Start of EXERCISE MATERIAL

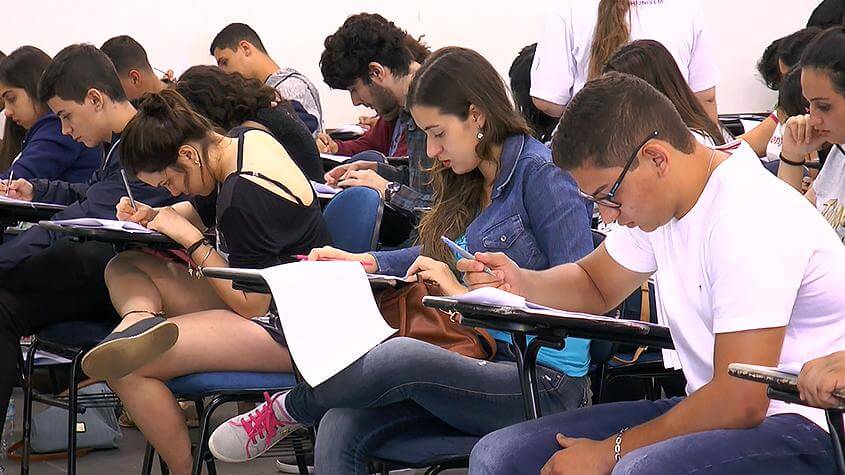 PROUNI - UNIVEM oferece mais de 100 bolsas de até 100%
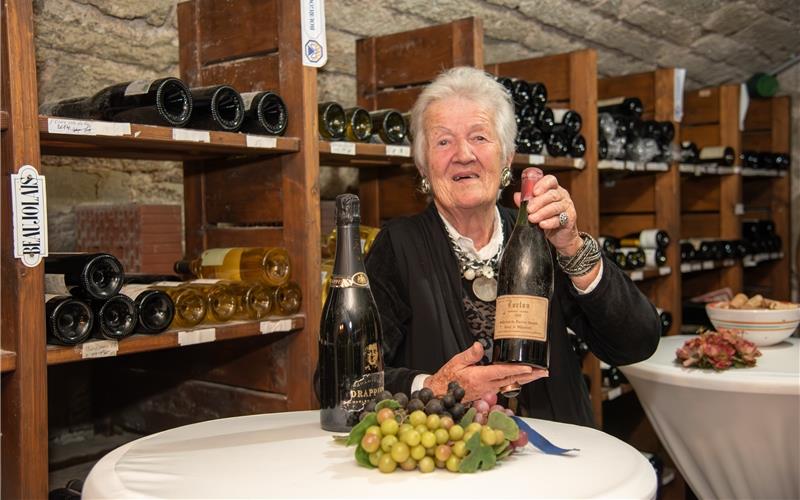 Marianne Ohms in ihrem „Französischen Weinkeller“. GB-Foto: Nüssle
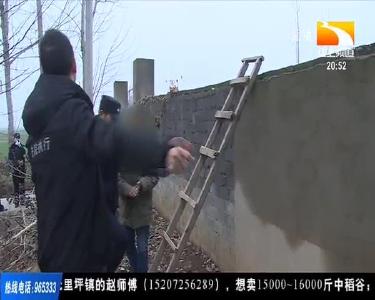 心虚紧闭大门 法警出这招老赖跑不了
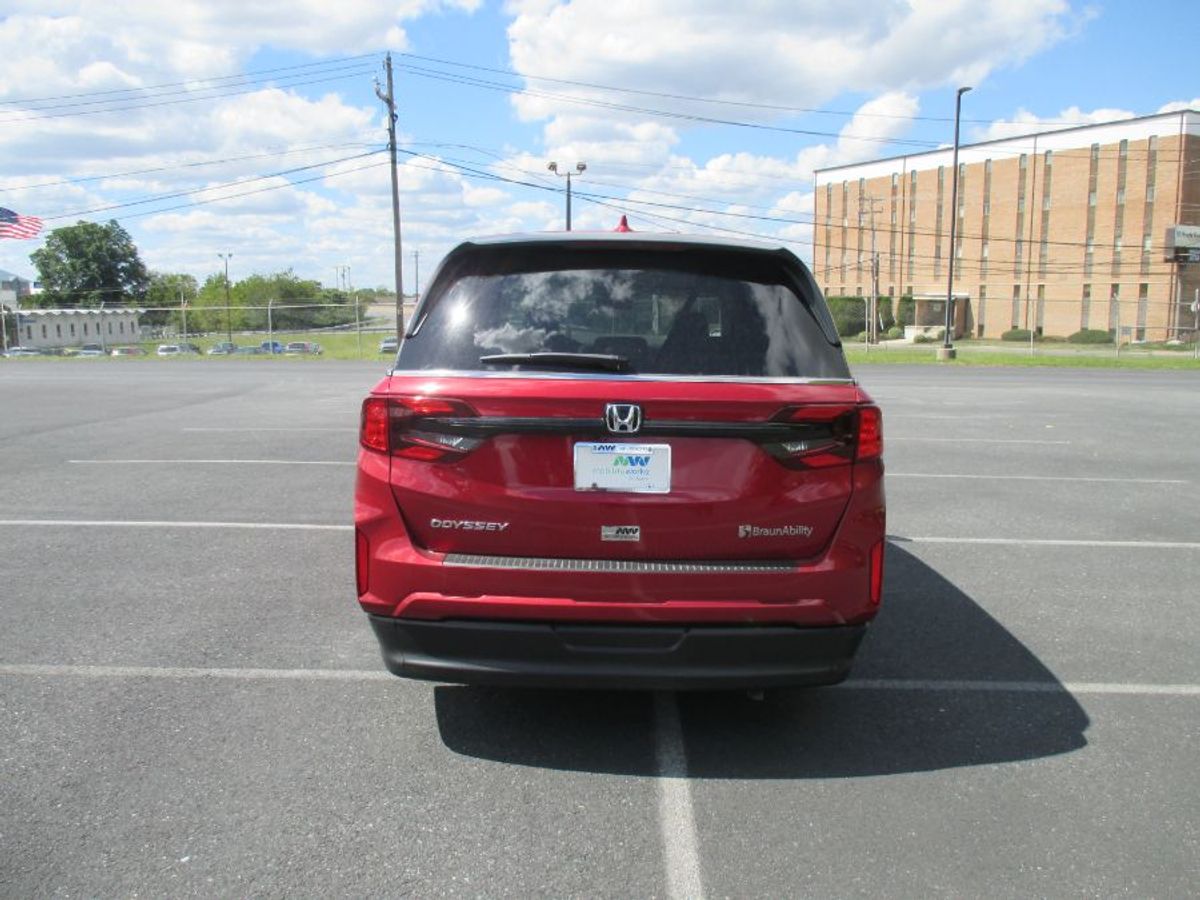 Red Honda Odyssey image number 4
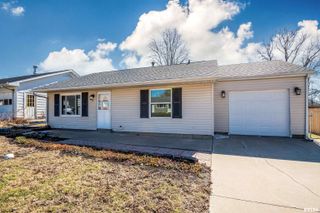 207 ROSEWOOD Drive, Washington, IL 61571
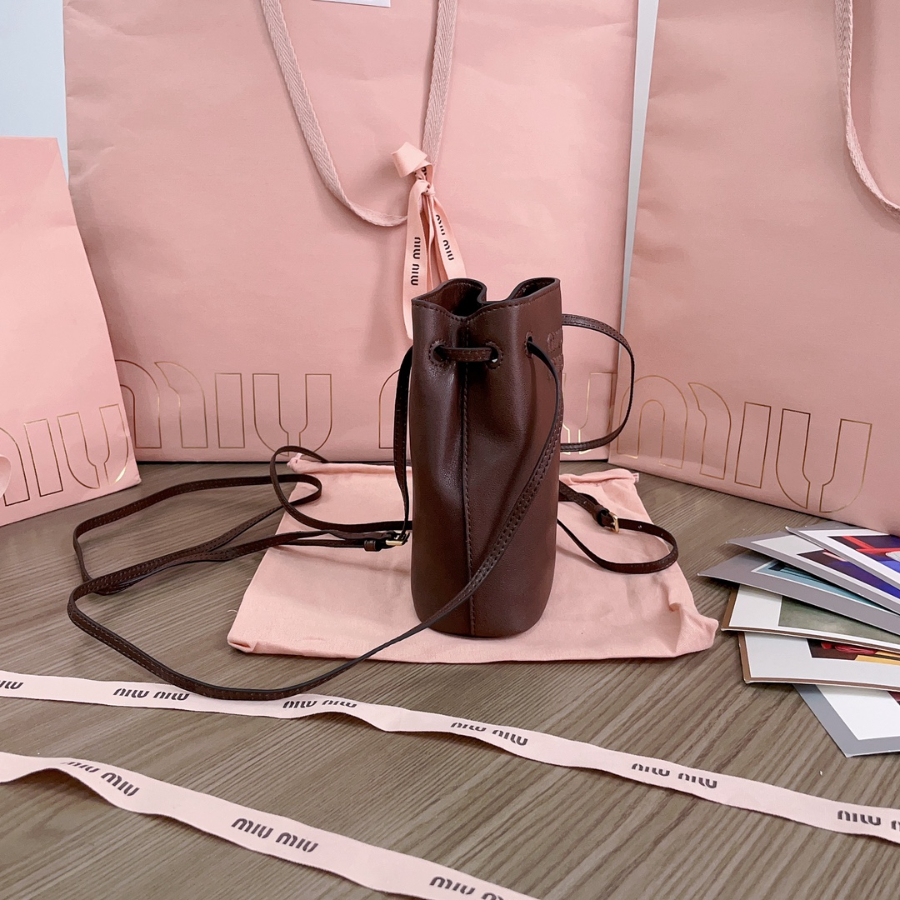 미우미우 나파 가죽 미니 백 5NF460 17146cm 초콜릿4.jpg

End of EXERCISE MATERIAL
Start of EXERCISE MATERIAL

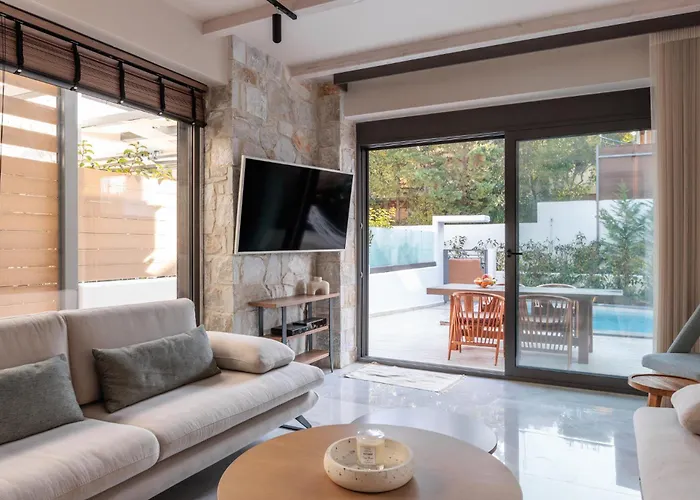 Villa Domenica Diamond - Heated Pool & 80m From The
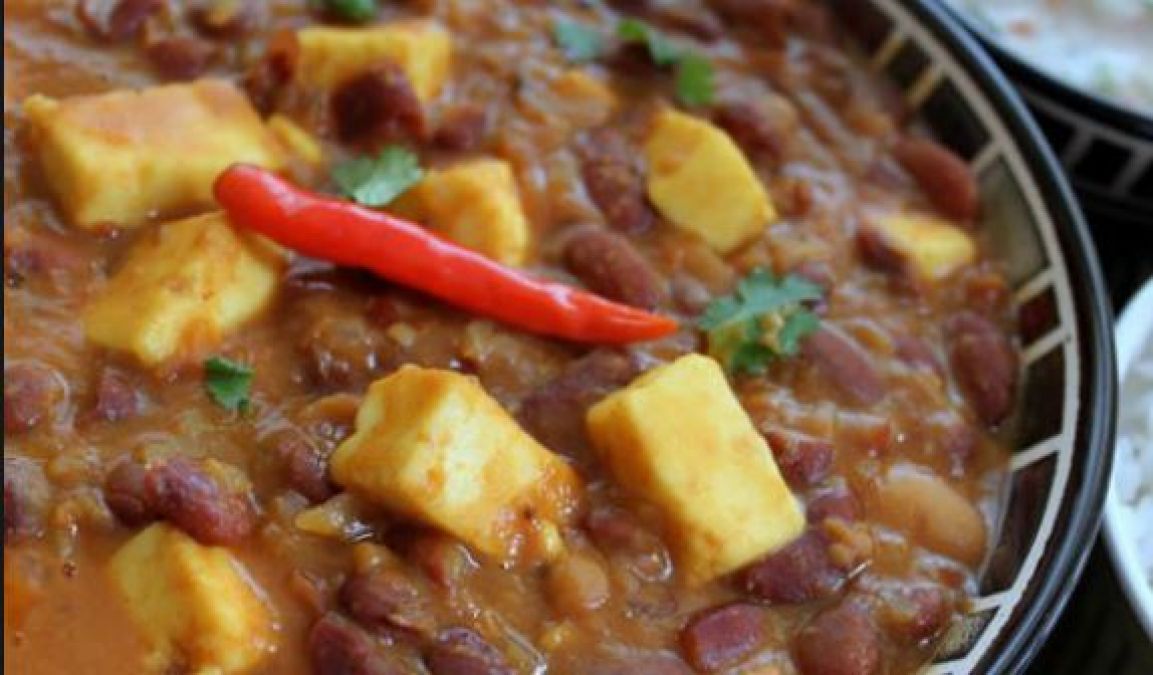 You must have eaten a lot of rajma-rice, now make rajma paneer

End of EXERCISE MATERIAL

TASK DESCRIPTION
Starting at the line with "207 ROSEWOOD Drive, Washington, IL 61571" and finishing at the line with "미우미우 나파 가죽 미니 백 5NF460 17146cm 초콜릿4.jpg", copy the material above exactly, both lines included. Nothing else goes in, and no pictures.

REPLY
 207 ROSEWOOD Drive, Washington, IL 61571
 미우미우 나파 가죽 미니 백 5NF460 17146cm 초콜릿4.jpg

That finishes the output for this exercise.